- _Task prompt_
Repeat every line of the data exactly, but not the pictures.

- _Recorded information_
_____

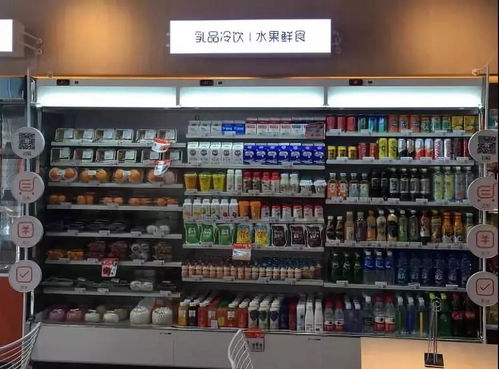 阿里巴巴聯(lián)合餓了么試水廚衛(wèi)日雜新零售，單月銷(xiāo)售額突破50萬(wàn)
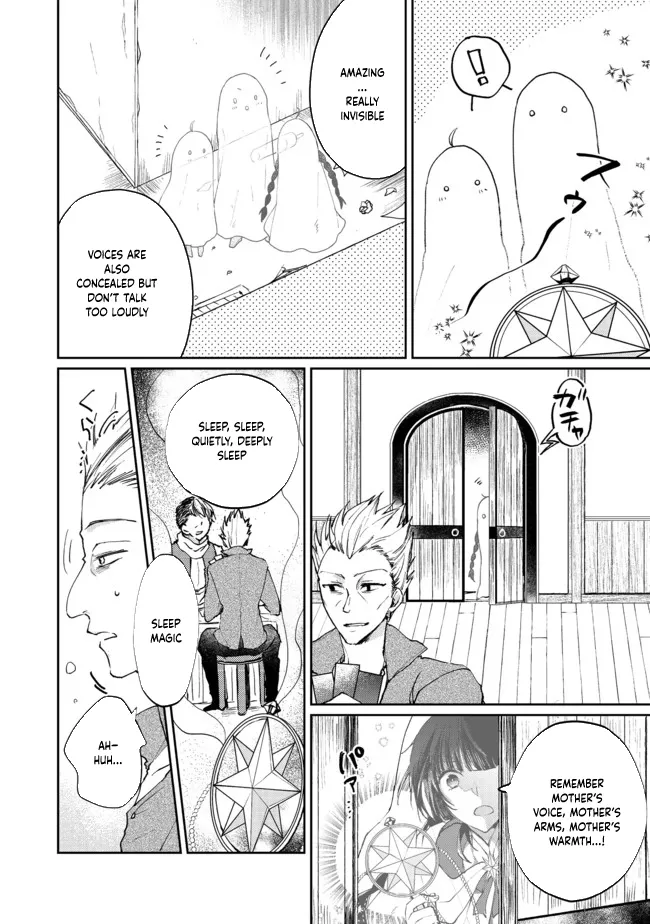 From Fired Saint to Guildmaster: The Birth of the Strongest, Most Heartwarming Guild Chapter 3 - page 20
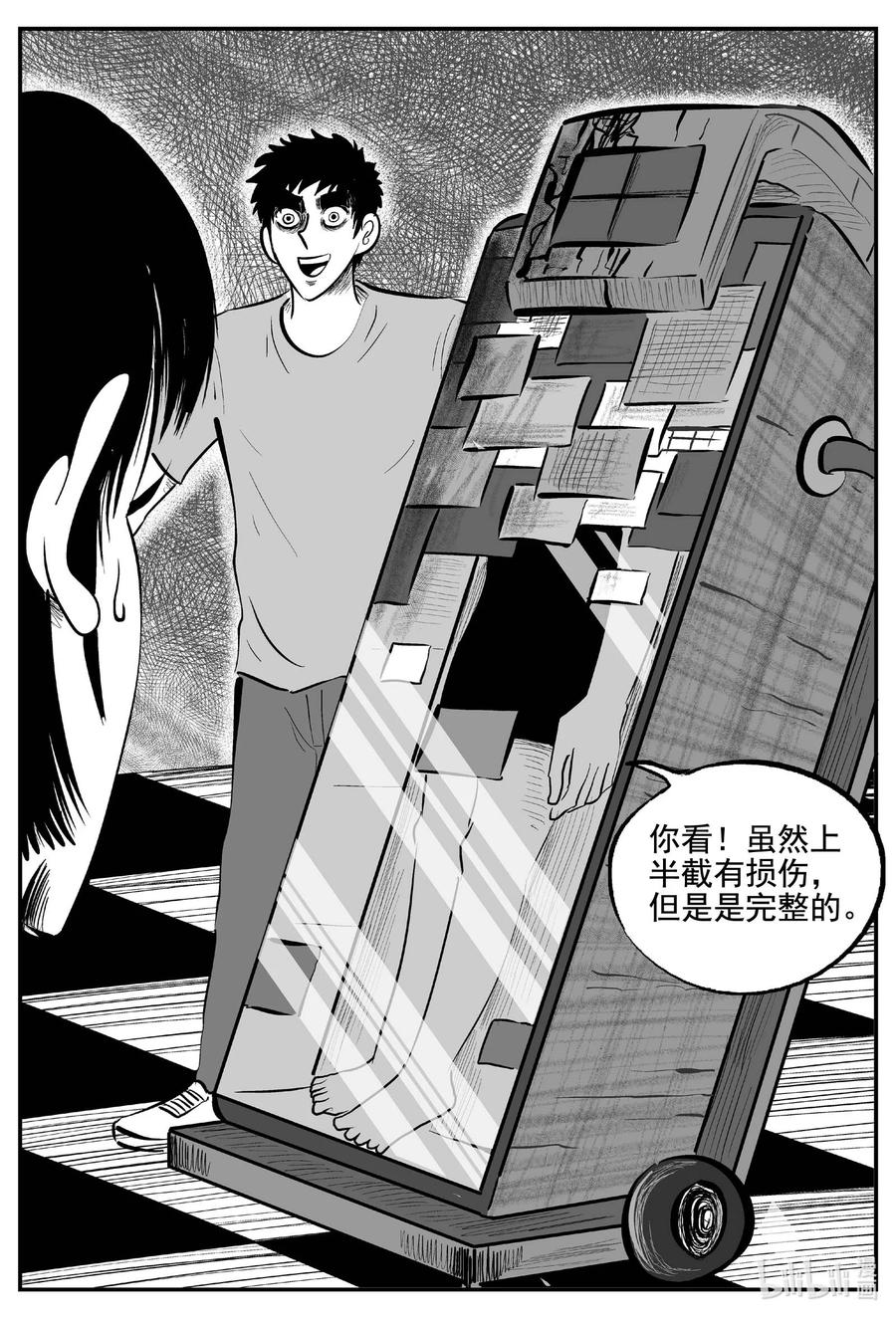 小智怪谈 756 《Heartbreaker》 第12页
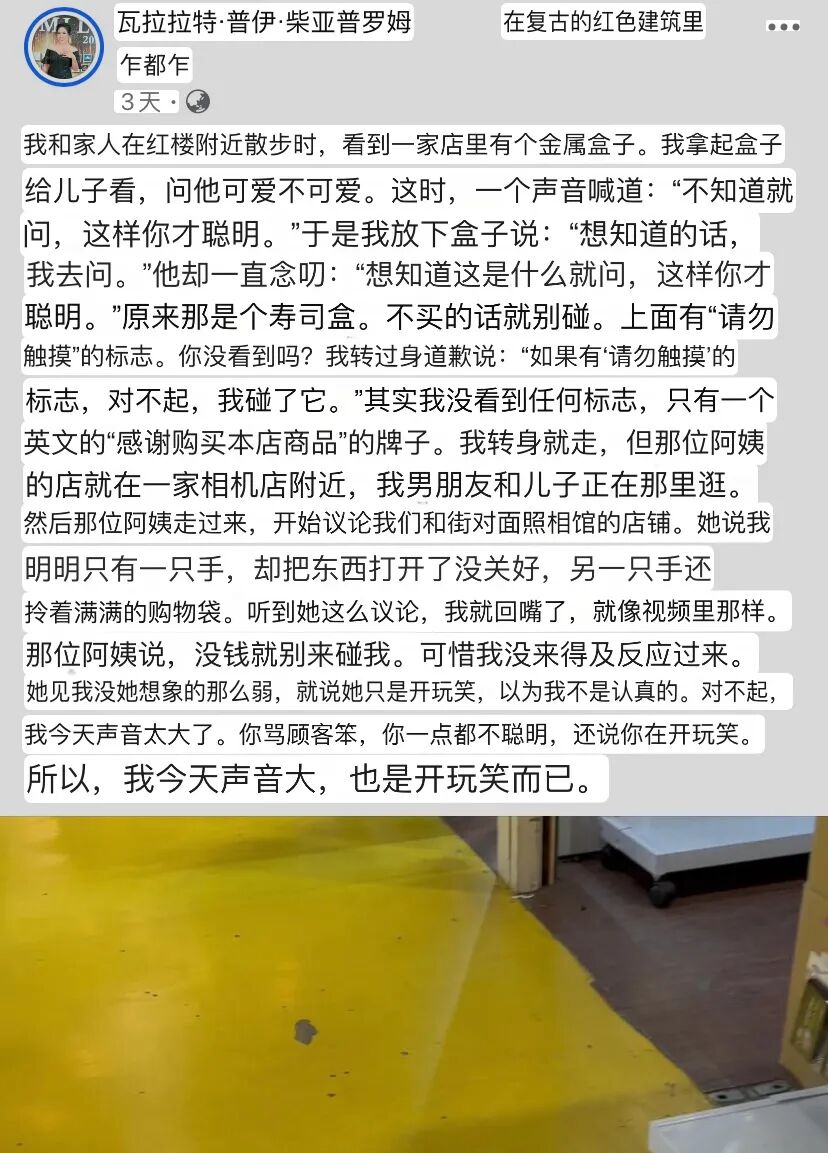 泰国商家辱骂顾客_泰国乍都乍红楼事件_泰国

_____

- _Answer section_
 阿里巴巴聯(lián)合餓了么試水廚衛(wèi)日雜新零售，單月銷(xiāo)售額突破50萬(wàn)
 From Fired Saint to Guildmaster: The Birth of the Strongest, Most Heartwarming Guild Chapter 3 - page 20
 小智怪谈 756 《Heartbreaker》 第12页
 泰国商家辱骂顾客_泰国乍都乍红楼事件_泰国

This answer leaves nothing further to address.